> [Exercise materials]
++++++++++++++++++++
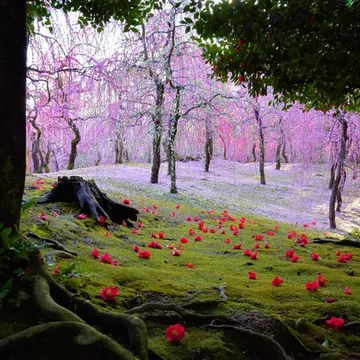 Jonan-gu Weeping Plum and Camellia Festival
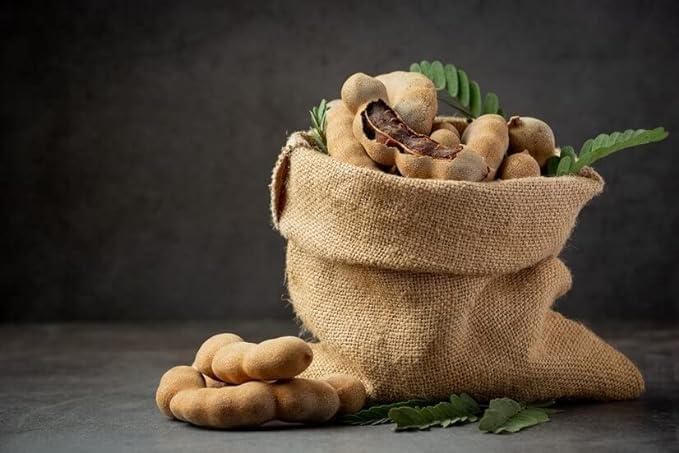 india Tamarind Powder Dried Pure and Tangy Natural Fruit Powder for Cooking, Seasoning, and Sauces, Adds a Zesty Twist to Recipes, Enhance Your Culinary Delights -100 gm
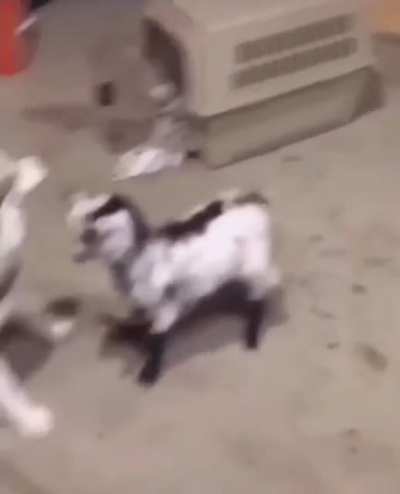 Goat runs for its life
++++++++++++++++++++
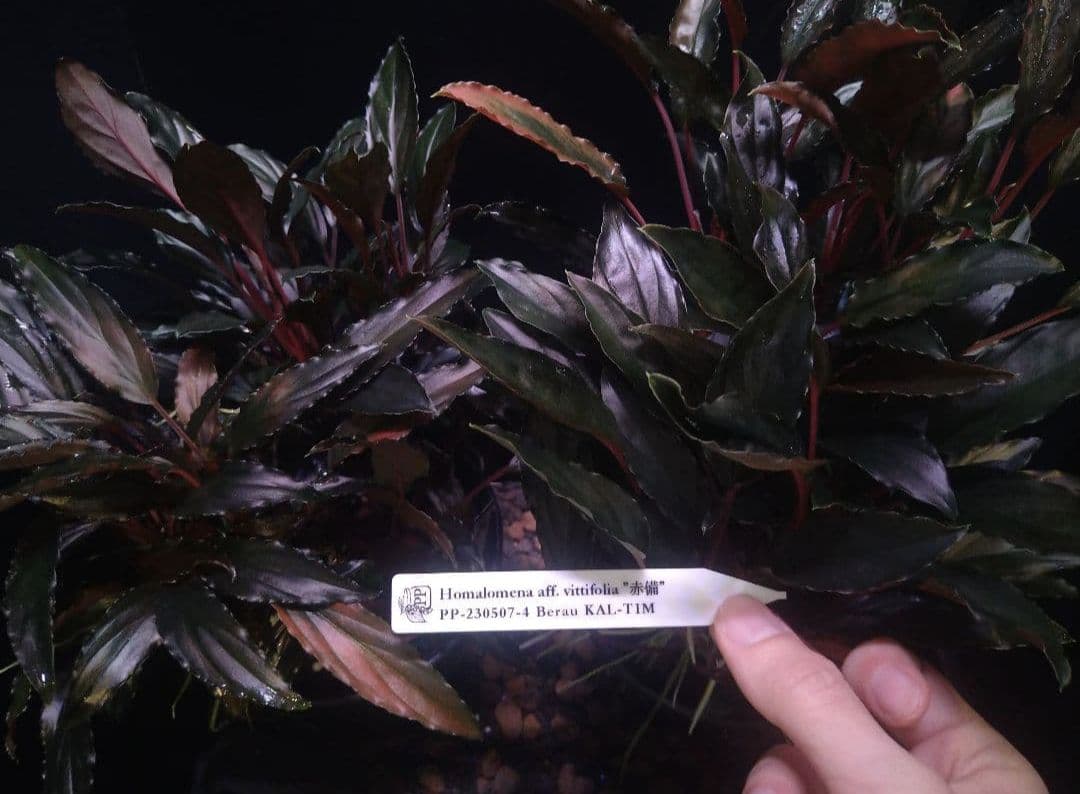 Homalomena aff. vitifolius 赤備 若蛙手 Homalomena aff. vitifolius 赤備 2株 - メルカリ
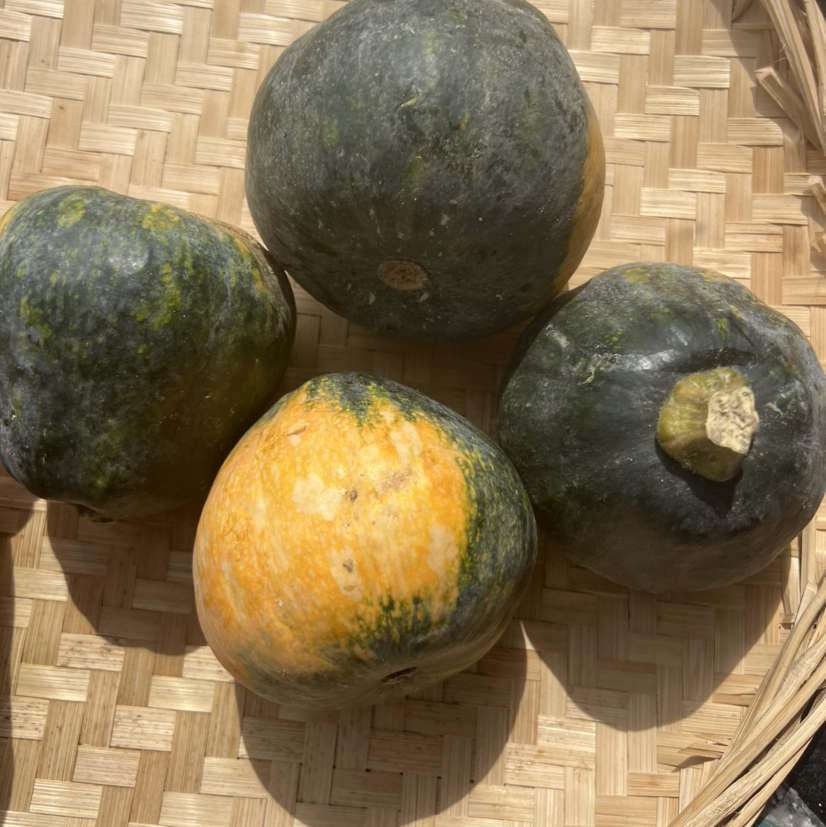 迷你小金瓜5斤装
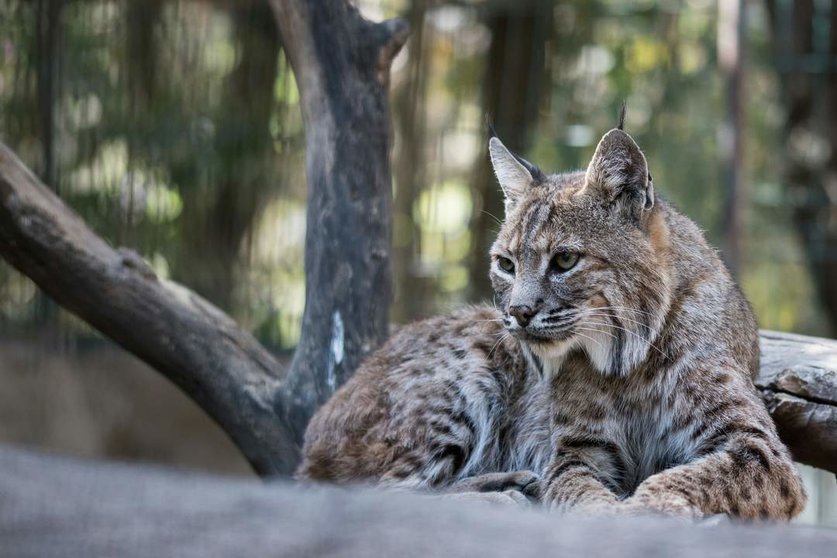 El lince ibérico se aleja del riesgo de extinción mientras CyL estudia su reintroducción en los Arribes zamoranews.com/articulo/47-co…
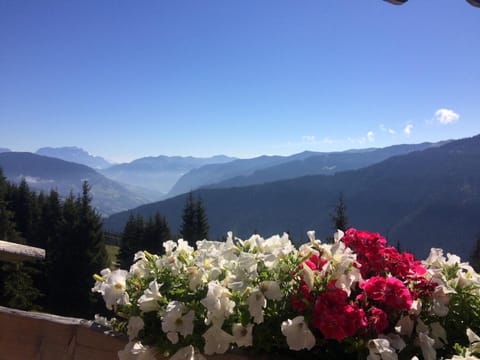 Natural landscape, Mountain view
++++++++++++++++++++
> [What is required] From the records above, quote word for word only the lines beginning at the line that has "Homalomena aff. vitifolius 赤備 若蛙手" and stopping after the line that has "Natural landscape, Mountain view". Omit the pictures.

> [Task solution]
 Homalomena aff. vitifolius 赤備 若蛙手 Homalomena aff. vitifolius 赤備 2株 - メルカリ
 迷你小金瓜5斤装
 El lince ibérico se aleja del riesgo de extinción mientras CyL estudia su reintroducción en los Arribes zamoranews.com/articulo/47-co…
 Natural landscape, Mountain view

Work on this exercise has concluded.